Despite impossible hardship, the pastoralists of Ethiopia have showed amazing resolve to cope. Women boil rock-hard berries to eat, scrape their teeth on palm-seed shells to rub off the nutrients, make soup from tree roots, dig for hours in dry river beds until they find a bit of water.
Some women collect firewood in the bush and lug it for hours on their backs to sell at market places. Even in towns like Chereti, people with a little money can buy a meal of bread and meat at the local mud-hut hotel. It is not that there is no food in Ethiopia. Some parts of Ethiopia have produced a food surplus in recent years. Not long ago, the country even exported grains to Kenya. But for those who have no money and no animals, food aid is the only source of salvation.

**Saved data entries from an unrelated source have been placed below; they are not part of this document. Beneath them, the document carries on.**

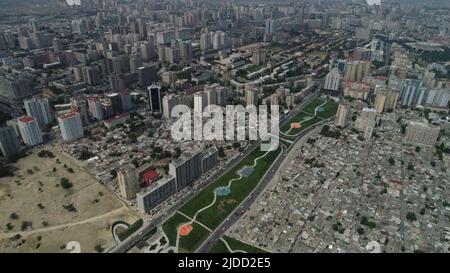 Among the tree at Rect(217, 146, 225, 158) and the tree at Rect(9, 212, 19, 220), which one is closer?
the tree at Rect(9, 212, 19, 220)

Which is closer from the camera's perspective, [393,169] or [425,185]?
[425,185]

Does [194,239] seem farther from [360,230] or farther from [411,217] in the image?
[411,217]

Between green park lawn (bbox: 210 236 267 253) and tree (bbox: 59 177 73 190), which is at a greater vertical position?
tree (bbox: 59 177 73 190)

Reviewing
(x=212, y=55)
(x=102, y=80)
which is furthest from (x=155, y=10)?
(x=102, y=80)

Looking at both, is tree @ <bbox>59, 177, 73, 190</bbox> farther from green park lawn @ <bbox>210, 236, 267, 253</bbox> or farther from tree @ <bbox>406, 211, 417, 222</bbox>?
tree @ <bbox>406, 211, 417, 222</bbox>

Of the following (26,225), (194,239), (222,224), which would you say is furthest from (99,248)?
(222,224)

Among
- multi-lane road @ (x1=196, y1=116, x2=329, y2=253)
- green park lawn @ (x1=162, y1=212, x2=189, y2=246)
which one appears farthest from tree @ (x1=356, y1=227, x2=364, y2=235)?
green park lawn @ (x1=162, y1=212, x2=189, y2=246)

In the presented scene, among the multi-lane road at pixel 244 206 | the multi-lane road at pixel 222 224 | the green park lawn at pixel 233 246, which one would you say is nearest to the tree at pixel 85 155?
the multi-lane road at pixel 222 224

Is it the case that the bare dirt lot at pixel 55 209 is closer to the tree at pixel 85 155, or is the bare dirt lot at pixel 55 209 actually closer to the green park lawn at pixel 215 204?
the tree at pixel 85 155

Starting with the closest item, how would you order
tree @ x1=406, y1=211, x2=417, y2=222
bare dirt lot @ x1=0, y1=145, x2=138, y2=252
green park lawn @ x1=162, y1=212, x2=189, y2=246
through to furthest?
bare dirt lot @ x1=0, y1=145, x2=138, y2=252
green park lawn @ x1=162, y1=212, x2=189, y2=246
tree @ x1=406, y1=211, x2=417, y2=222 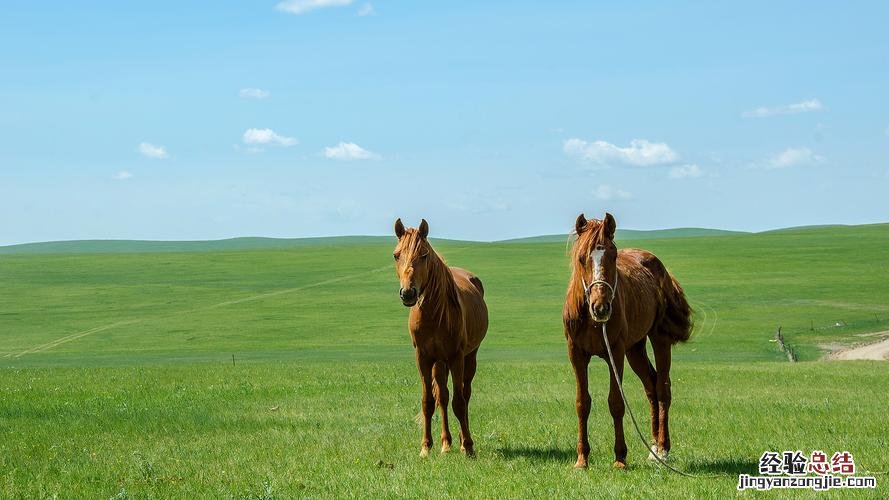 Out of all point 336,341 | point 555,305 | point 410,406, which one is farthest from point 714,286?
point 410,406

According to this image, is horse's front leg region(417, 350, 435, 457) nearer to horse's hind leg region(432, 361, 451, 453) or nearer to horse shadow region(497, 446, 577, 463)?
horse's hind leg region(432, 361, 451, 453)

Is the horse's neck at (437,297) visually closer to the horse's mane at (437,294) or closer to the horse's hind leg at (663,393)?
the horse's mane at (437,294)

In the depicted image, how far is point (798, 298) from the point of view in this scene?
61750 millimetres

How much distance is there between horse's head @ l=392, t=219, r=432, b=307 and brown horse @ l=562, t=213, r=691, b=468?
167cm

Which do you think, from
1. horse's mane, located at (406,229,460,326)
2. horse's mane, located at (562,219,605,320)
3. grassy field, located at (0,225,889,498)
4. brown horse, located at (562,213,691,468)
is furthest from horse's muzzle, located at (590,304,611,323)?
horse's mane, located at (406,229,460,326)

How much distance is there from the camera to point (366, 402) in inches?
742

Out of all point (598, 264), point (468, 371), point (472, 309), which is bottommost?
point (468, 371)

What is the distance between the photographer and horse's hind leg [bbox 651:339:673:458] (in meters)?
12.1

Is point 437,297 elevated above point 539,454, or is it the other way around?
point 437,297

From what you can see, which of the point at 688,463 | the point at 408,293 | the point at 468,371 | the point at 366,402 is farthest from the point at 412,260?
the point at 366,402

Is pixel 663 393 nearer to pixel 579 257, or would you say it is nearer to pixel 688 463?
pixel 688 463

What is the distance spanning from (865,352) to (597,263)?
30.0 m

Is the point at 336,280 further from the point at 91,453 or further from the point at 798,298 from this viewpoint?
the point at 91,453

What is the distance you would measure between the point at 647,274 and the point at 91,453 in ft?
24.0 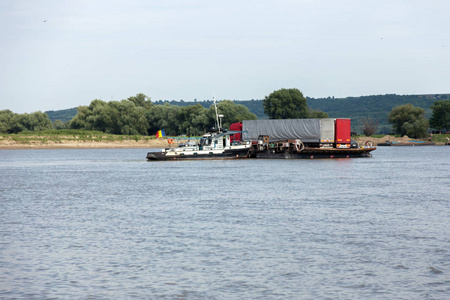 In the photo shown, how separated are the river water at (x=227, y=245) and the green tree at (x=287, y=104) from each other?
15349 centimetres

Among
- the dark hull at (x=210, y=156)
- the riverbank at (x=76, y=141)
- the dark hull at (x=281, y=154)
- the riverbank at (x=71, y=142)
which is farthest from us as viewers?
the riverbank at (x=76, y=141)

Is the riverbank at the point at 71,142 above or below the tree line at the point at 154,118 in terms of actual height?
below

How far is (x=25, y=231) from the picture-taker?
25.3 m

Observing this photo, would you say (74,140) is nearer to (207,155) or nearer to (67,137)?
(67,137)

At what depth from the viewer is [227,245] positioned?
70.7 feet

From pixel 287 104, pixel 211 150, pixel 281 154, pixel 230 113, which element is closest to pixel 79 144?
pixel 230 113

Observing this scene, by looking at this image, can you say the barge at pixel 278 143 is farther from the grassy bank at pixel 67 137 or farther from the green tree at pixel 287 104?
the green tree at pixel 287 104

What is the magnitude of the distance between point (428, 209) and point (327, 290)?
18.2 metres

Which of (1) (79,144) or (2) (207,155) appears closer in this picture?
(2) (207,155)

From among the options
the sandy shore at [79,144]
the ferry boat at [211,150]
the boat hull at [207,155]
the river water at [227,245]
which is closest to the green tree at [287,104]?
the sandy shore at [79,144]

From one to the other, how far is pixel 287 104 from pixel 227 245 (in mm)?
175898

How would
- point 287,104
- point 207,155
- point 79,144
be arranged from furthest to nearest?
1. point 287,104
2. point 79,144
3. point 207,155

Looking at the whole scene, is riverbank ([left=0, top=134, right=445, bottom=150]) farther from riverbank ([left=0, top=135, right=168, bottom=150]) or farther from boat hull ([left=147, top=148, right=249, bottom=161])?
boat hull ([left=147, top=148, right=249, bottom=161])

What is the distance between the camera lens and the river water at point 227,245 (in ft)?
51.9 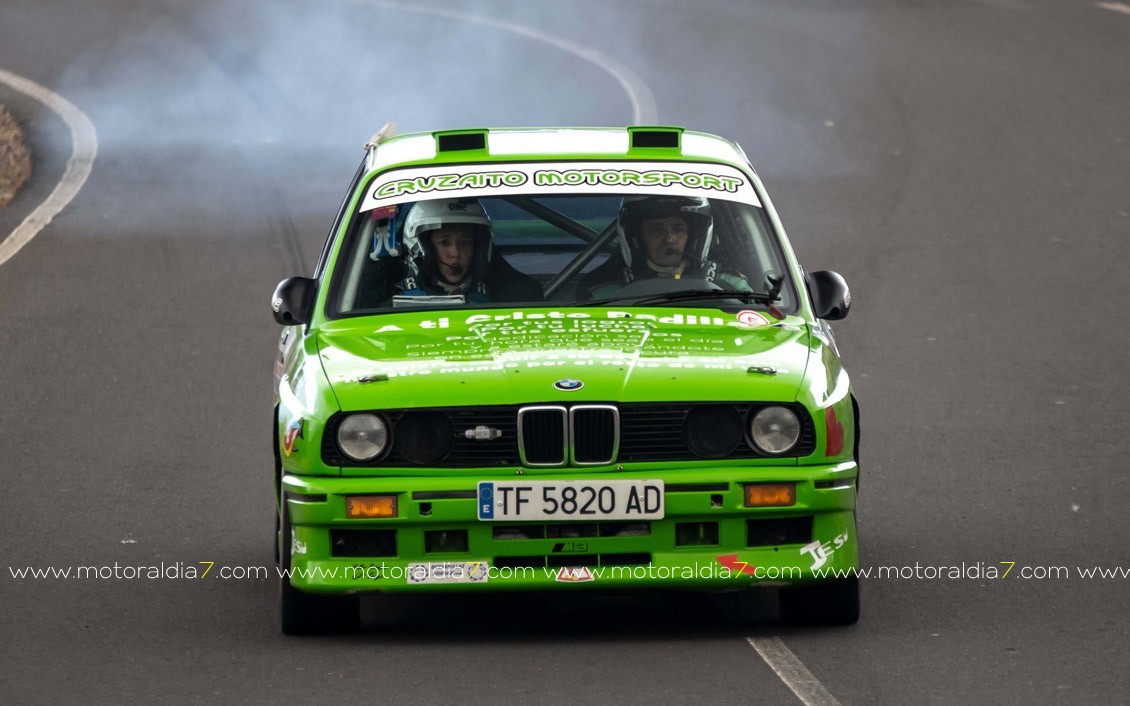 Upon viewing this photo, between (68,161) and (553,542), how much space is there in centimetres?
1435

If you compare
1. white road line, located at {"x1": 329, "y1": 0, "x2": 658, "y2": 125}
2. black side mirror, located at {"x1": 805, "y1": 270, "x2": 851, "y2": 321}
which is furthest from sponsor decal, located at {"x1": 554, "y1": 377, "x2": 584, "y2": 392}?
white road line, located at {"x1": 329, "y1": 0, "x2": 658, "y2": 125}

The Somali region has the most impoverished regional government in the the country, and its rulers do not have the organizational ability or the money to deal with this crisis.
The administrative zone to which Chereti belongs, the Afder zone, is particularly remote. There are no phones, no electricity, no airports, no roads. Just two water trucks serve the district. The World Food Program has delivered only one load of wheat, and that was two months ago. "We walked three days to get here," says Haibo Mahamed Salat, a nomadic herder woman who lived in the bush until all her animals perished of hunger two months ago. "We heard there was a food ration here. But, when we arrived, there was nothing left."
The Ethiopian government itself must assume a share of responsibility. The country is wasting an estimated $1 million each day on a border war with its tiny neighbor to the north, Eritrea. Ethiopia did not start the two-year-old fight with its former friend, but it has sent some 500,000 soldiers to the trenches and is buying weapons to defend a scrap of scrub land that is, by all estimates, worthless.
"It has diverted our attention," Meles Zenawi, the Ethiopian prime minister, conceded on CNN recently. He had previously demobilized 80 percent of the Army and cut defense spending to fund development efforts."We were focussed on fighting poverty. Now our resources are divided."
But rather than spending less on food aid, he points out, the Ethiopian government has committed to buy $100,000 tons for distribution to the needy - the largest donation it has ever made.
Ethiopia is now in a race against time to stave off a full-fledged famine. The country's northern highlands - the heart of the last great famine - has not reported deaths, but 7.8 million subsistence farmers who live in the area are at severe risk.
In all, donors have promised to send more than 490,000 tons of grain for this year's emergency relief effort.
Sam Van der Ende, of the Canadian Foodgrains Bank, notes that if Ethiopia is to endure in the long run it will take much more than a temporary out pouring of emotions and emergency food.
"People have to be willing to deal with the root causes, not just the crisis," he says. "We have the responsibility to stick around and make sure that this won't happen ever again."